The heparin plasma levels of D-dimers were significantly increased in AAA patients (median 1.38 µg/ml) compared to controls (median 1.18 µg/ml), P = 0.0065, resulting in a small difference of only 0.2 µg/ml between the medians (Figure 2A). Consequently, ROC analysis revealed a low AUC of 0.598 (Figure 2B). A diagnostic logistic regression model was developed including the following parameters: sex, ICA stenosis, PAD, diabetes, COPD, and previous stroke. After backward elimination, only sex (odds ratio 2.61 and 95% CI [1.02-6.72]), ICA stenosis (odds ratio 45.29 and 95% and CI [18.34-128.3]) and PAD (odds ratio 8.08 and CI [3.27-20.78]) had a significant independent importance for AAA diagnosis, whereas D-dimers had no significant independent importance for AAA diagnosis (odds ratio 0.93 and CI [0.6092-1.343], p-value 0.737) (Supplementary Table S2). Accordingly, the ROC analysis for D-dimers increased to an AUC of 0.8995 after adjusting for sex, ICA stenosis and PAD. In summary, in our study, D-dimers were not suitable for discriminating AAA patients from patients with other vascular diseases.

3.3. Diagnostic value of Myeloperoxidase (MPO)

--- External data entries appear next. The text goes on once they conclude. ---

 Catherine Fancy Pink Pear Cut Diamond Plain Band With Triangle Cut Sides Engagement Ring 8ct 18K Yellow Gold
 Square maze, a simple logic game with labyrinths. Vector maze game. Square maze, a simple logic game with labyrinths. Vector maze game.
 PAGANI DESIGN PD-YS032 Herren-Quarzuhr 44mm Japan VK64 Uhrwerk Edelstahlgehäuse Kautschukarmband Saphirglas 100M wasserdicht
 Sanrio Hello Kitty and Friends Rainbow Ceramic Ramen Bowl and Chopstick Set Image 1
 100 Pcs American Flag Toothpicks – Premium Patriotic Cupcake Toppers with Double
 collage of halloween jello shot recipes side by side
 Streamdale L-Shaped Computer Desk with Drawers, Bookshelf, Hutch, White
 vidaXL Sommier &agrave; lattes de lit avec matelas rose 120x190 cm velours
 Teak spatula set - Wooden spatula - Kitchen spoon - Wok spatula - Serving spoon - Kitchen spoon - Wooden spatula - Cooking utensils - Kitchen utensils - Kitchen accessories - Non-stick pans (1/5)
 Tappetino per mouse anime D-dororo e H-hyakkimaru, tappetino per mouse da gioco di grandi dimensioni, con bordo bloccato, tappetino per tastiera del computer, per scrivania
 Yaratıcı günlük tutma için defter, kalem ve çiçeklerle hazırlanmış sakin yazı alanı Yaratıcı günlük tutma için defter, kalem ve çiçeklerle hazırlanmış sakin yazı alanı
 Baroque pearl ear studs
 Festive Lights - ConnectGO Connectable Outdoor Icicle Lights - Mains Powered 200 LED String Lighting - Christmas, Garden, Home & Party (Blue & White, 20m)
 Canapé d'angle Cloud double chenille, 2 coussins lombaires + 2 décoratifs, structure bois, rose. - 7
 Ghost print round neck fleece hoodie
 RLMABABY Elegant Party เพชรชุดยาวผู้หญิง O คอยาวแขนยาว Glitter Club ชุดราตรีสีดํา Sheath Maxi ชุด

The heparin plasma levels of MPO were significantly higher in non-AAA patients (median 29,3 ng/ml) than in AAA patients (median 26,9 ng/ml), P = 0.0287, resulting in a small difference of 2.4 ng/ml between the medians (Figure 3A). Consequently, ROC analysis revealed a low AUC of 0.587 (Figure 3B). The diagnostic logistic regression model used for D-dimers was also applied for adjusting MPO. After backward elimination, only sex (odds ratio 2.598 and 95% CI [1.01-6.71]), ICA stenosis (odds ratio 46.43 and 95% and CI [18.95-130.3]) and PAD (odds ratio 8.09 and CI [3.28-20.78]) had a significant independent importance for AAA diagnosis, whereas MPO had no significant independent importance for AAA diagnosis (odds ratio 1.0001 and CI [0.99-1.01], p-value 0.638) (Supplementary Table S2). Accordingly, the ROC analysis for MPO increased to an AUC of 0.90 after adjusting for sex, ICA stenosis and PAD. In summary, in our study, MPO was not suitable for discriminating AAA patients from patients with other vascular diseases.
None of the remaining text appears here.